Return the lines below that contain "with".

- Information supplied -

○ ○ ○

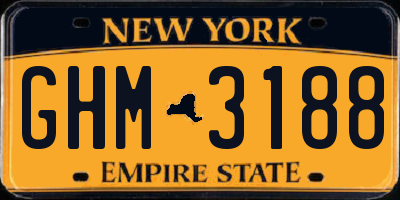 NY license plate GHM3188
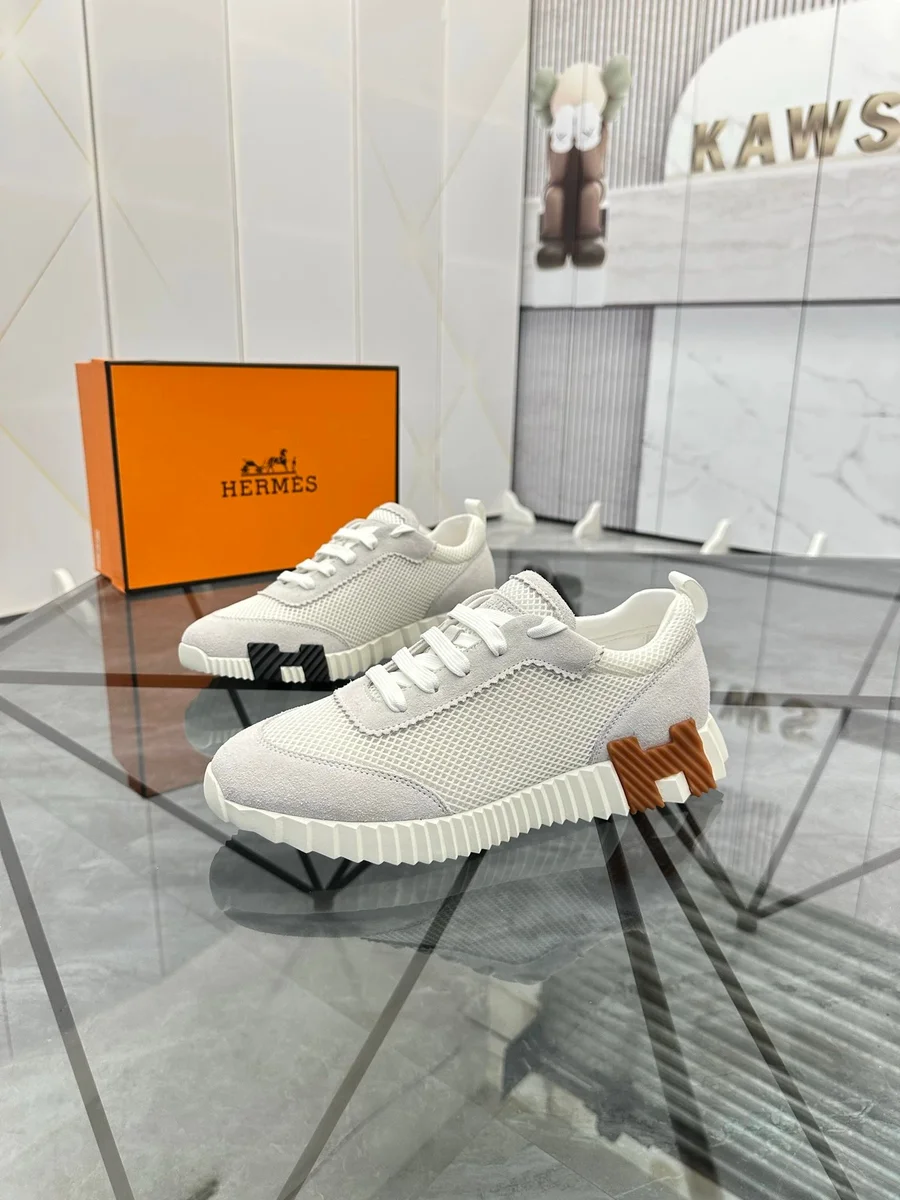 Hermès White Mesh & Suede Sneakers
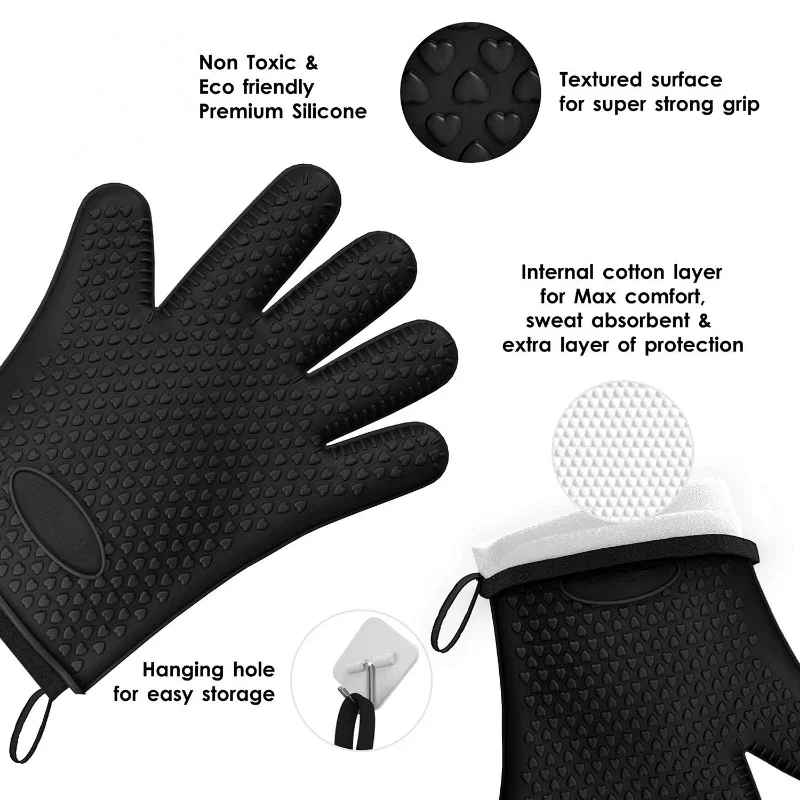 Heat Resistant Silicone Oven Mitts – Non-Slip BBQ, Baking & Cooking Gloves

○ ○ ○

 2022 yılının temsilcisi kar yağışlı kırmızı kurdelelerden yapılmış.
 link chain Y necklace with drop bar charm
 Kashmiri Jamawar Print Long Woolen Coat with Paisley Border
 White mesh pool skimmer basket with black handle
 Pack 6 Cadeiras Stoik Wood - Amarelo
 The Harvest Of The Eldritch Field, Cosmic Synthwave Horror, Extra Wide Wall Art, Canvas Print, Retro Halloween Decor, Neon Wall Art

○ ○ ○

- Response to this task -
 link chain Y necklace with drop bar charm
 Kashmiri Jamawar Print Long Woolen Coat with Paisley Border
 White mesh pool skimmer basket with black handle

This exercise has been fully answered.